J'aimerais maintenant prendre quelques minutes pour voir quelles
seraient les principales conséquences, pour les citoyens et les
citoyennes du Québec, à ce coup de force d'Ottawa.
Il y a, bien sûr, les effets sur notre vie culturelle. On
reviendrait aux vieilles chicanes linguistiques, qui ont été si
pénibles dans le passé, sans parler de l'incertitude dans
laquelle on plongerait la majorité francophone, la formule d'amendement
attaquant la loi 101 dans plusieurs de ses règlements. Elle touche
même le secteur de l'éducation, pourtant réservé
exclusivement au pouvoir provincial. Mais ce que je trouve scandaleux, c'est
qu'Ottawa veuille imposer le bilinquisme au Québec, mais
évidemment pas à l'Ontario. Encore une fois, deux poids, deux
mesures.
Dans un souci d'homoqénéité, de canadianisation, le
Québec deviendrait vite un Nouveau-Brunswick culturel, dont M.

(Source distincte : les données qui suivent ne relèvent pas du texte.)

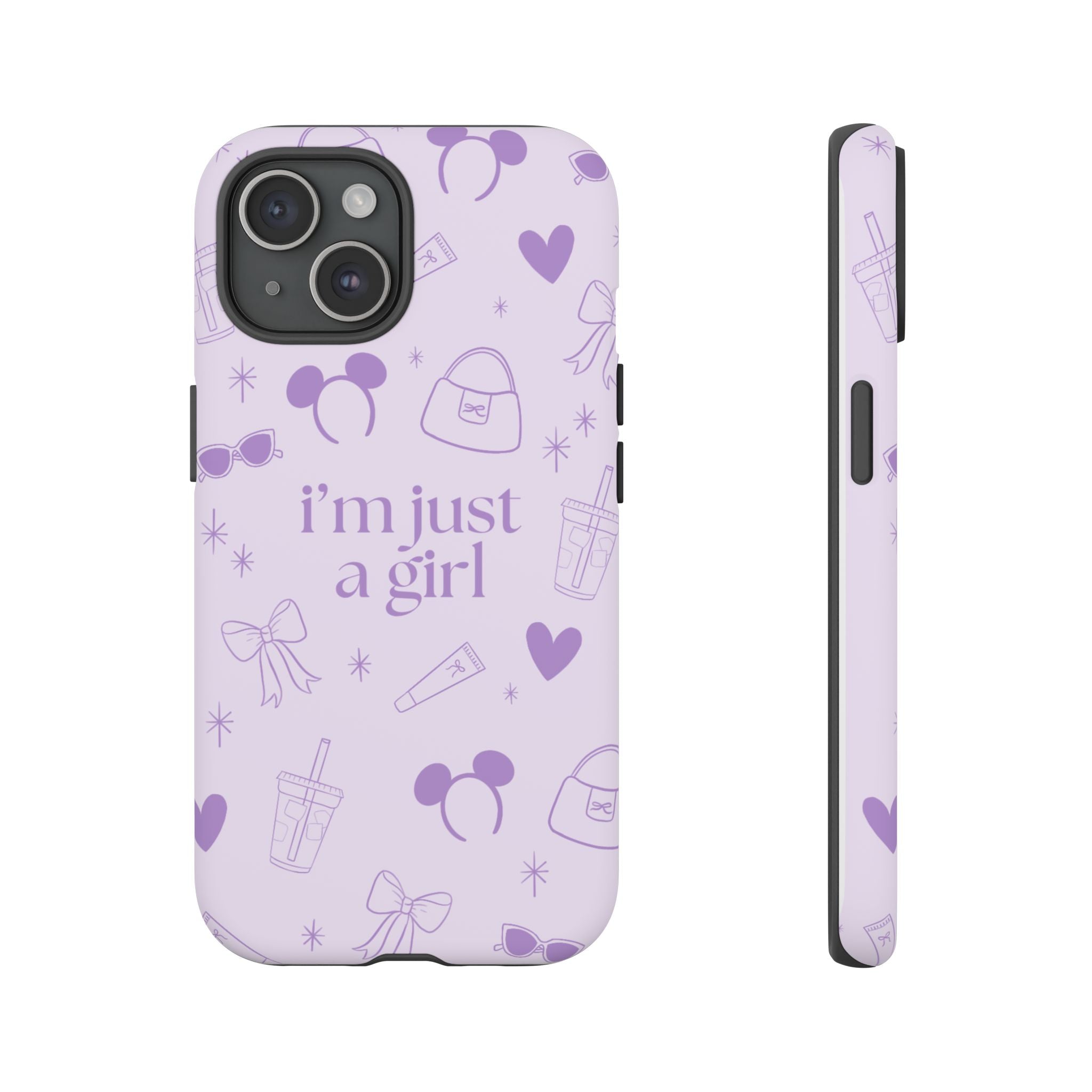 Phone Case - I'm Just a Girl (purple)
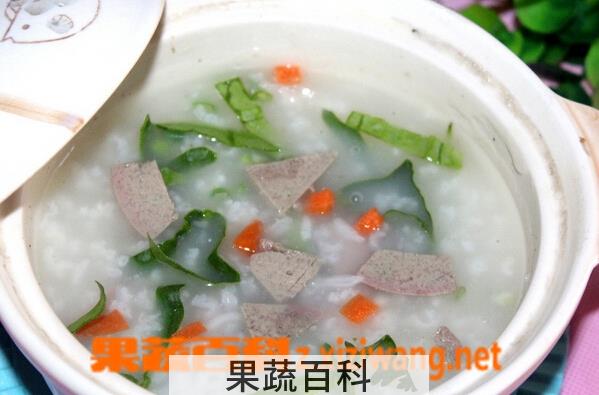 果蔬百科健脾养胃粥
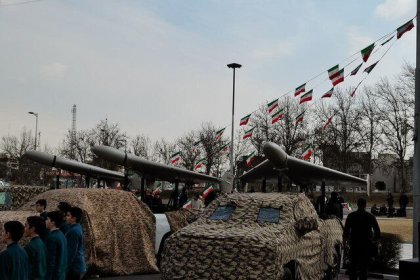 Ballistic Missile in the 22nd of Bahman March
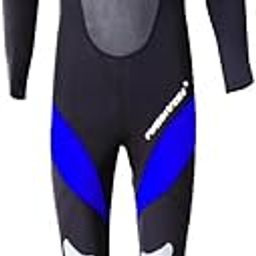 3mm Neoprene Men Wetsuit Full Body Suit for Scuba Diving Swimming Blue L-image-67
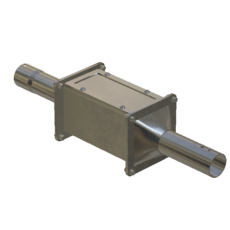 Funkenfalle aus Edelstahl 50 mm Innendurchmesser Artikel 23172 Ruwac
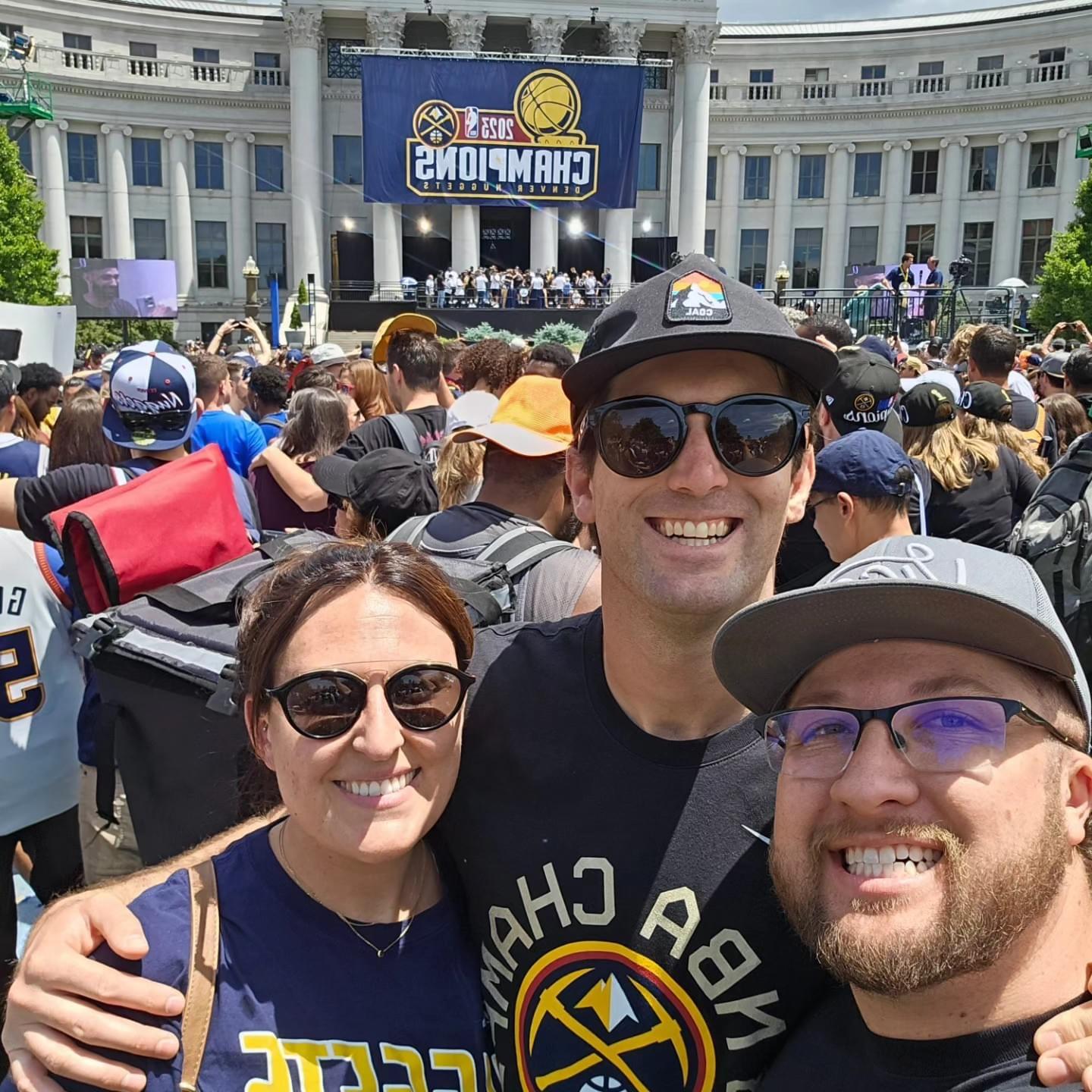 At the Nuggets parade after they won the championship! (Don't worry, Kaila is still a Boston fan)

Chrétien a déjà parlé d'ailleurs.
Non seulement dans le domaine culturel, mais dans le domaine
économique Ottawa met en péril tous les instruments
économiques que le Québec s'est si chèrement donnés
depuis 1960. Les risques, pour les Québécois et les
Québécoises, sont énormes. Que l'on pense seulement
à la politique d'achat du gouvernement, qui favorise les petites et les
moyennes entreprises québécoises. Plusieurs dizaines d'entre
elles vivent directement de leurs contrats avec le gouvernement et les
sociétés d'État. Des milliers d'emplois en
dépendent. Mais, avec la formule d'amendement fédérale,
une simple plainte de quiconque, au Canada, se sentirait lésé
viendrait faire en sorte que nos taxes serviraient à développer
les autres provinces, ce qui ferait augmenter le chômage au
Québec, encore une fois. La priorité accordée à nos
travailleurs sur les chantiers de construction pourrait être
illégale.
Notre politique d'autosuffisance alimentaire serait
définitivement compromise. On constate vite qu'il ne serait plus
possible de bâtir un Québec fort et un Québec à
notre goût. Le tout serait pensé en fonction de l'ensemble
canadien. On voit vite ce que cela signifie. On comprend plus facilement
maintenant l'intérêt pour l'Ontario de supporter sinon de diriger
Ottawa dans son projet unilatéral de centralisation.
Par contre, je suis heureux de constater qu'il semble se dégager
une unanimité de cette Assemblée pour s'opposer au coup de force
d'Ottawa. Je considère, de toute façon, qu'il s'agit simplement
d'un geste normal. C'est notre dignité de Québécois et de
Québécoises qui en dépend, autrement nous serions indignes
de siéger ici.
Advenant la réussite d'Ottawa dans son projet odieux, il n'y
aurait plus de Québécois, mais des Canadiens français de
l'Est.
Je vais conclure en disant qu'il faut répondre à un coup
de force semblable par la solidarité. Merci.
Le Vice-Président (M. Rancourt): M. le
député de Westmount.
M. French: M. le Président, je vous demande la suspension
du débat.
Le Vice-Président (M. Rancourt): M. le leader
parlementaire.
M. Charron: M. le Président, je propose que la Chambre
ajourne ses travaux à demain, dix heures.
Le Vice-Président (M. Rancourt): La
Chambre ajourne ses travaux à demain, dix heures.